**What you will do:**
Type the listing below out again exactly. No images.

**Stored data:**
-*-

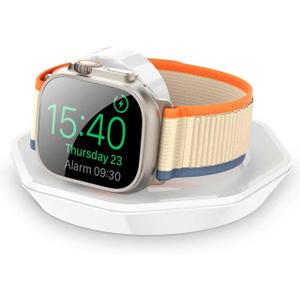 Apple Watch Charger Foldable Magnetic Charging Dock, Wireless Fast Watch Charger Stand with Charging Cable, Compatible with Apple Watch 11 10 9 8 7 6 5 4 3 2/Ultra 2 1, Support Nightstand Mode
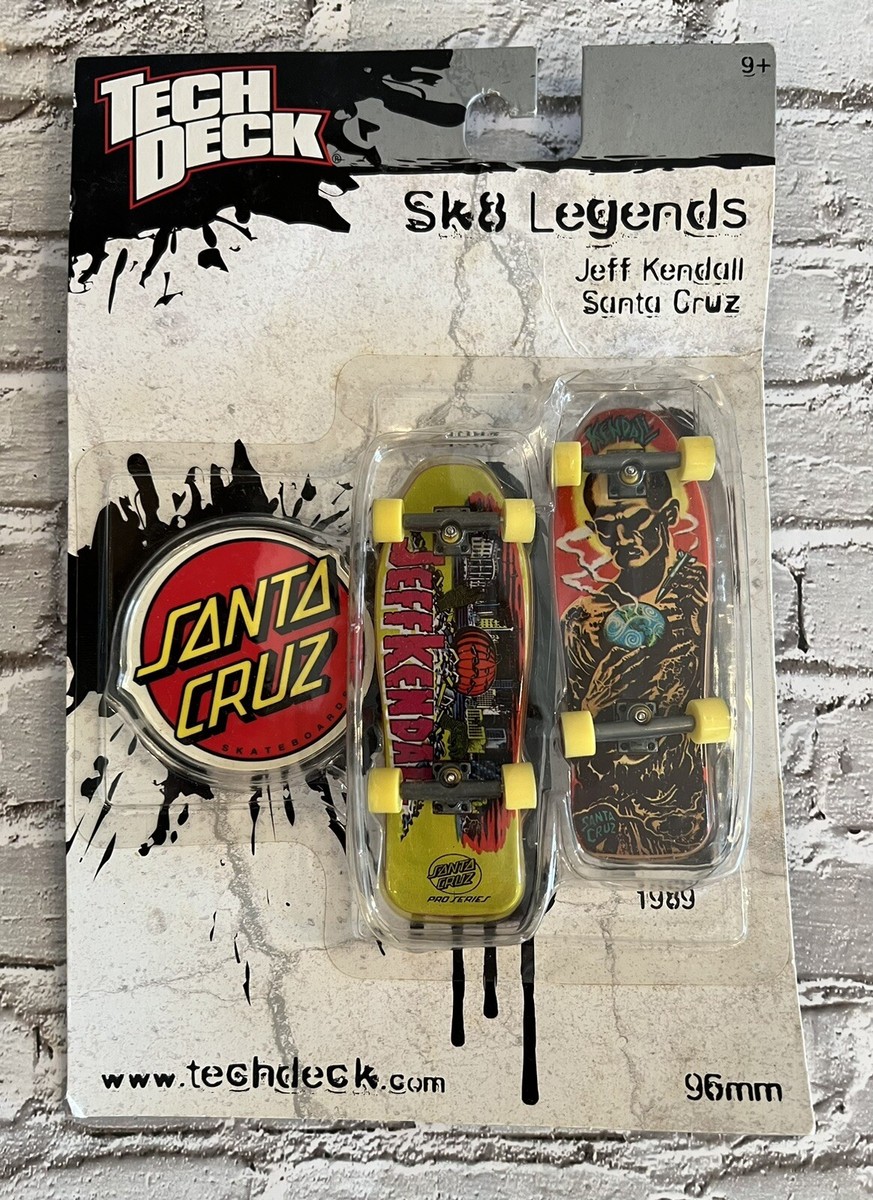 Tech Deck Sk8 Legends Santa Cruz Skateboard Fingerboard NOS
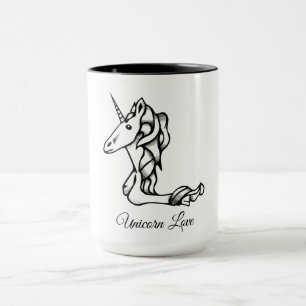 Magischer Niedlicher Monogramm L-Text für benutzer Tasse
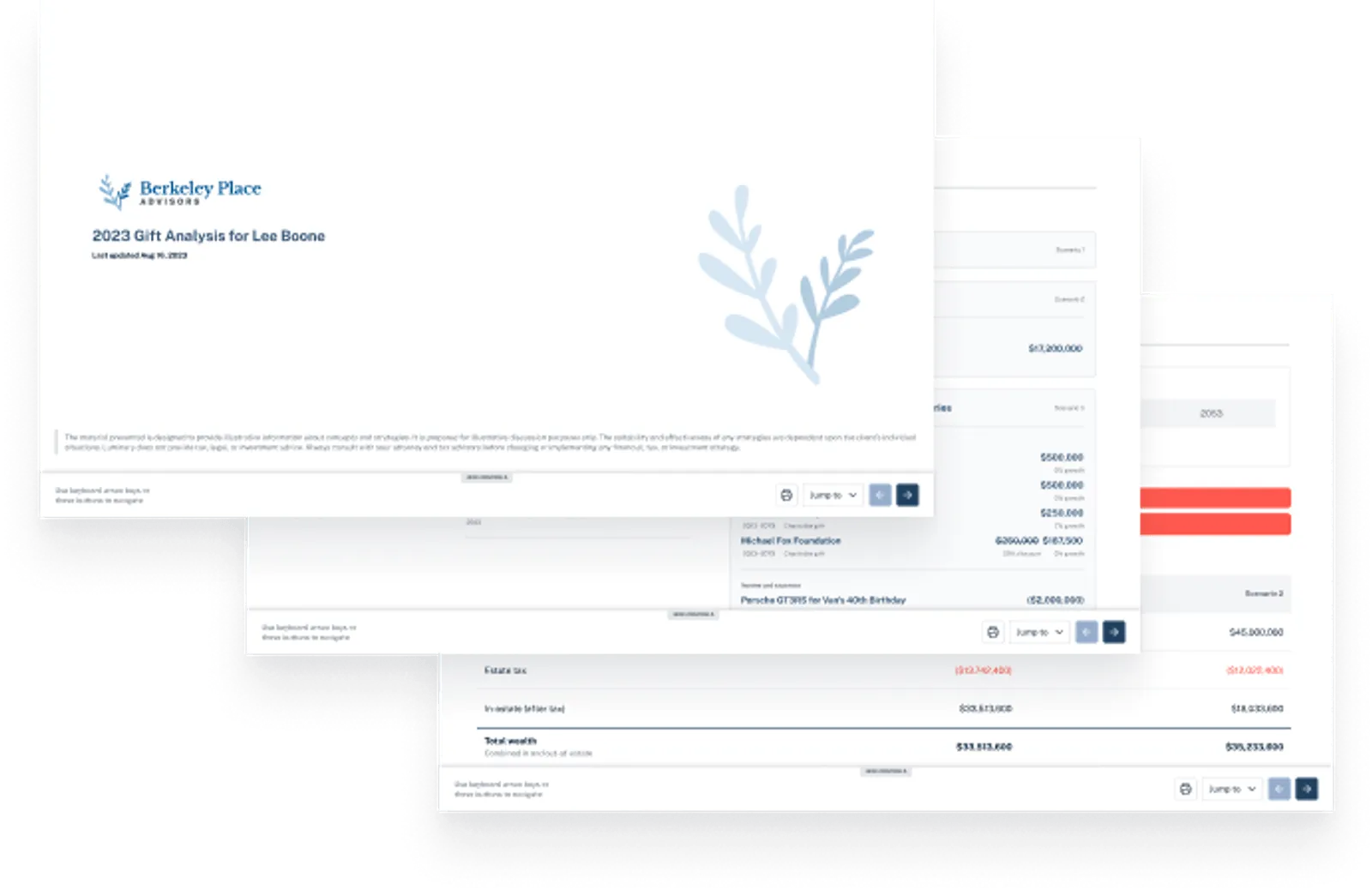 Luminary provides branded estate planning presentations that can be readily shared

-*-

**Response area:**
 Apple Watch Charger Foldable Magnetic Charging Dock, Wireless Fast Watch Charger Stand with Charging Cable, Compatible with Apple Watch 11 10 9 8 7 6 5 4 3 2/Ultra 2 1, Support Nightstand Mode
 Tech Deck Sk8 Legends Santa Cruz Skateboard Fingerboard NOS
 Magischer Niedlicher Monogramm L-Text für benutzer Tasse
 Luminary provides branded estate planning presentations that can be readily shared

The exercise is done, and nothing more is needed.